This is an archive of the discontinued LLVM Phabricator instance.

[X86][SSE] Enable target shuffle combining to combine multiple shuffle inputs.
ClosedPublic

Authored by RKSimon on Jul 27 2016, 6:23 AM.

Details

Summary

We currently only support combining target shuffles that consist of a single source input (plus elements known to be undef/zero).

This patch generalizes the recursive combining of the target shuffle to collect all the inputs, merging any duplicates along the way, into a full set of src ops and its shuffle mask.

We uncover a number of cases where we have failed to combine a unary shuffle because the input has been duplicated and separated during lowering.

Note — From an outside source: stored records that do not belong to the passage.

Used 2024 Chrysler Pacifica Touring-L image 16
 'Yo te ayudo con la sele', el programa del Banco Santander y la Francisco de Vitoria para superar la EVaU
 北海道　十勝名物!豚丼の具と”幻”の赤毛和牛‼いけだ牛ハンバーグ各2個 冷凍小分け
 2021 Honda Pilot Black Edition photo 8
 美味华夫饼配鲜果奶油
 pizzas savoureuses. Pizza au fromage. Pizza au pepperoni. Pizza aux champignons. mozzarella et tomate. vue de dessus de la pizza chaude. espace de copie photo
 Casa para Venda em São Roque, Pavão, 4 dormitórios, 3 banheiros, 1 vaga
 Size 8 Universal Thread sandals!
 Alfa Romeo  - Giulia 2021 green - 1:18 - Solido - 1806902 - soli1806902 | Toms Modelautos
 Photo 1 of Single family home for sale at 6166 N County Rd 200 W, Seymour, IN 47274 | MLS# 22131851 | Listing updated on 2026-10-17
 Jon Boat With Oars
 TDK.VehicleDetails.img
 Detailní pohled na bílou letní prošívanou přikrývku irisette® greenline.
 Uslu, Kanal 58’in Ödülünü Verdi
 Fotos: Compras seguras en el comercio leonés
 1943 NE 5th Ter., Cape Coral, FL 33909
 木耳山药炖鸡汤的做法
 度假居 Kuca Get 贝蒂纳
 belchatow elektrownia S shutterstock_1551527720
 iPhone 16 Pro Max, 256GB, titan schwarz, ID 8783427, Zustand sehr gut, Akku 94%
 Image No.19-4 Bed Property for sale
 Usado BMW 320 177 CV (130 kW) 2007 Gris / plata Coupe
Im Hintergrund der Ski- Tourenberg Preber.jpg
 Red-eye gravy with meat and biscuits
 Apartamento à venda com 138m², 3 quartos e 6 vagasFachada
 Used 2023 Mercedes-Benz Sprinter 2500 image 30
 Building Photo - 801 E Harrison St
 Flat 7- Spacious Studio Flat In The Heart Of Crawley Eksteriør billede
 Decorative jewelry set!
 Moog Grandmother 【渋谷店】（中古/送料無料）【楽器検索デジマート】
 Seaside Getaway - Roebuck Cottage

This will allow us to combine to 2-input shuffles in a future patch.

Diff Detail

Repository
rL LLVM

Event Timeline

RKSimon updated this revision to Diff 65719.Jul 27 2016, 6:23 AM
RKSimon retitled this revision from to [X86][SSE] Enable target shuffle combining to combine multiple shuffle inputs..
RKSimon updated this object.
RKSimon added reviewers: chandlerc, delena, ab, spatel, andreadb.
RKSimon set the repository for this revision to rL LLVM.
RKSimon added a subscriber: llvm-commits.
andreadb edited edge metadata.Aug 3 2016, 4:07 AM

Hi Simon,

Overall the patch lgtm.
My major concern was related to the complexity of your new algorithm. 'combineX86ShufflesRecursively' is now called for every "used" shuffle operand. Have you noticed any particular cases where this function is now expensive?
However, given that we already limit the maximum recursion depth to 8, I don't expect this to be much of an issue.

-Andrea

andreadb accepted this revision.Aug 3 2016, 4:07 AM
andreadb edited edge metadata.
This revision is now accepted and ready to land.Aug 3 2016, 4:07 AM

Hi Simon,

Overall the patch lgtm.
My major concern was related to the complexity of your new algorithm. 'combineX86ShufflesRecursively' is now called for every "used" shuffle operand. Have you noticed any particular cases where this function is now expensive?
However, given that we already limit the maximum recursion depth to 8, I don't expect this to be much of an issue.

-Andrea

Thanks Andrea.

I haven't found anything to indicate that the search has become notably more costly to builds - between the limits on depth and hasOneUse(), many shuffles already early out. If anybody can create a repro then I can investigate ways to manipulate the max search depth but this hasn't proved to be necessary yet.

This revision was automatically updated to reflect the committed changes.